Data for processing: Begin
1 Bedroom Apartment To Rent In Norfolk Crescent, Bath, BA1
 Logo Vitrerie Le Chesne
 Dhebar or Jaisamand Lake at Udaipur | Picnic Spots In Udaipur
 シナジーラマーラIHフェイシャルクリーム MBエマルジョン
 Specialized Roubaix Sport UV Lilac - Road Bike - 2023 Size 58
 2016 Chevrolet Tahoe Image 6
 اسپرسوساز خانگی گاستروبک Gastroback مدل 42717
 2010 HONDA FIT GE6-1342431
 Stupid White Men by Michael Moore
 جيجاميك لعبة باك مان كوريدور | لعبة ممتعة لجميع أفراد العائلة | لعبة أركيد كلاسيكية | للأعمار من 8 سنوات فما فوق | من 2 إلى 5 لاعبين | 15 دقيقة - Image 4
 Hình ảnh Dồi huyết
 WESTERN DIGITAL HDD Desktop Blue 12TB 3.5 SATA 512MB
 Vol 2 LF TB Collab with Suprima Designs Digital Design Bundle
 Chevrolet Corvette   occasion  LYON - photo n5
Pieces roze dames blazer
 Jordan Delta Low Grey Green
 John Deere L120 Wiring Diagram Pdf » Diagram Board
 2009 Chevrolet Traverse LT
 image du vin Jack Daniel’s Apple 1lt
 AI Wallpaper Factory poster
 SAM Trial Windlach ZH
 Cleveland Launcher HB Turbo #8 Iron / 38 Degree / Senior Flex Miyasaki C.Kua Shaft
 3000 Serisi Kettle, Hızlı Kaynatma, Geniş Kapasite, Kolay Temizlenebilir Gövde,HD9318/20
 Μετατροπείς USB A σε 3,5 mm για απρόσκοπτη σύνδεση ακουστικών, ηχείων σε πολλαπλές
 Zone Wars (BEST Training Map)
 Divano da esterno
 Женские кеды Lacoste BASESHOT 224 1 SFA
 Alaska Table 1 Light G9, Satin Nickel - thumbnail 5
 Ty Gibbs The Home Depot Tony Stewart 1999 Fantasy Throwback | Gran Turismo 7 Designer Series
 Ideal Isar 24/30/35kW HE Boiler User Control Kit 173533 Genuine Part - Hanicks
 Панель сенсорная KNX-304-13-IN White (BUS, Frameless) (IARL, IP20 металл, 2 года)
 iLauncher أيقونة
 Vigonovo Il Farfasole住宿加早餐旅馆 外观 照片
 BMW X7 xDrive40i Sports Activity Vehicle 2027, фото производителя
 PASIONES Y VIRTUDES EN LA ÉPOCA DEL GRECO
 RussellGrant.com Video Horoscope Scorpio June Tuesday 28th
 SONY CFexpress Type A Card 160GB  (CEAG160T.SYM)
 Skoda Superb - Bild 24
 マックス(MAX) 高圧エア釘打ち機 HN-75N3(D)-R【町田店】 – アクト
Data for processing: End
◆ Exercise instructions:
Repeat only what runs from the line holding "Skoda Superb - Bild 24" to the end of the data, keeping every line exactly as written, first and last included.

◆ Task answer:
 Skoda Superb - Bild 24
 マックス(MAX) 高圧エア釘打ち機 HN-75N3(D)-R【町田店】 – アクト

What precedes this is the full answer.